Segment Open
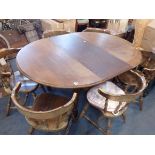 A 20TH CENTURY EXTENDING OAK DINING TABLE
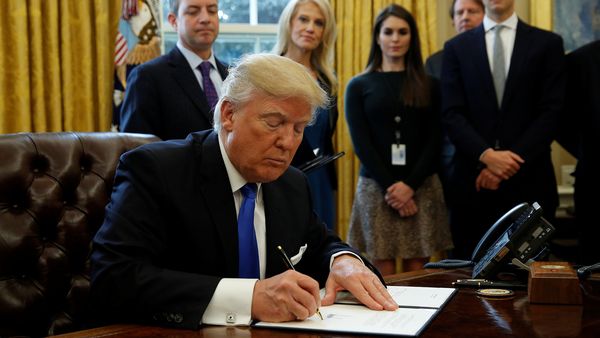 EE.UU: Donald Trump firma 2 órdenes ejecutivas para frenar “violaciones”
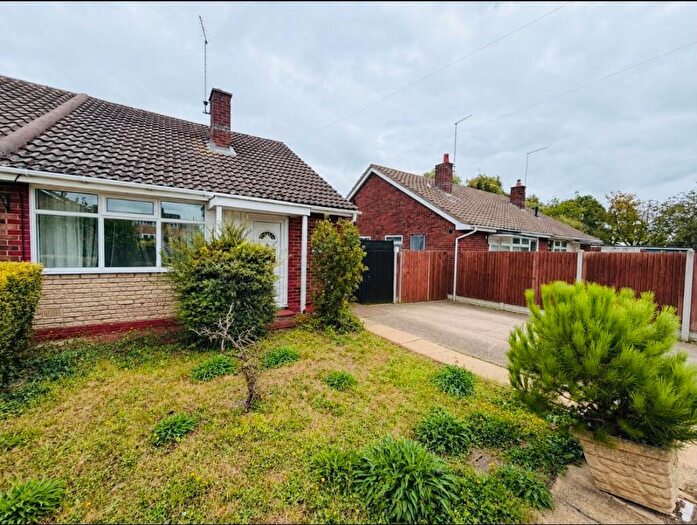 2 Bedroom Bungalow To Rent In Rowe Avenue, Orton Longueville, Peterborough, PE2
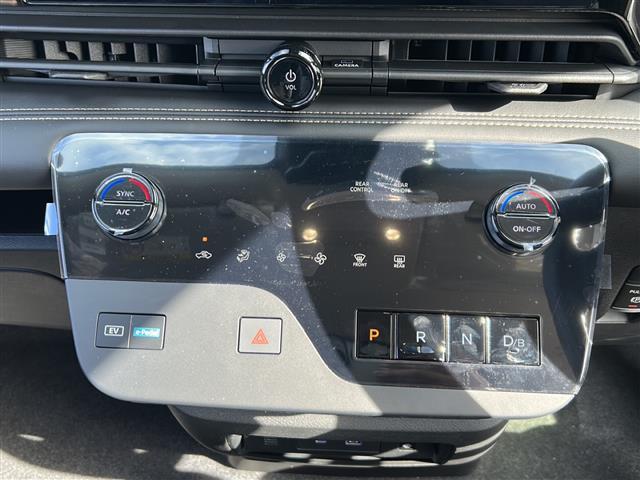 セレナ e-パワー ハイウェイスターV 後席モニター/全方位カメラ/フルセグTV/純正ディスプレイオーディオ/両側パワースライドドア/クルーズコントロール/レーンキープアシスト/コーナーセンサー/純正アルミホイール/ハーフレザーシート(14枚目)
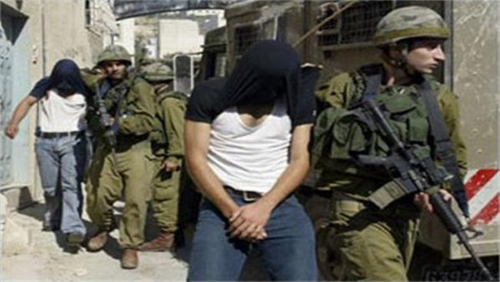 La ocupación israelí detiene a decenas de palestinos en Nablus La ocupación israelí detiene a decenas de palestinos en Nablus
Segment Closed
→ **WHAT TO DO**
All lines from the one bearing "2 Bedroom Bungalow" through the last line of the records, and only those, should be duplicated exactly; no picture belongs in the copy.

→ **ANSWER BOX**
 2 Bedroom Bungalow To Rent In Rowe Avenue, Orton Longueville, Peterborough, PE2
 セレナ e-パワー ハイウェイスターV 後席モニター/全方位カメラ/フルセグTV/純正ディスプレイオーディオ/両側パワースライドドア/クルーズコントロール/レーンキープアシスト/コーナーセンサー/純正アルミホイール/ハーフレザーシート(14枚目)
 La ocupación israelí detiene a decenas de palestinos en Nablus La ocupación israelí detiene a decenas de palestinos en Nablus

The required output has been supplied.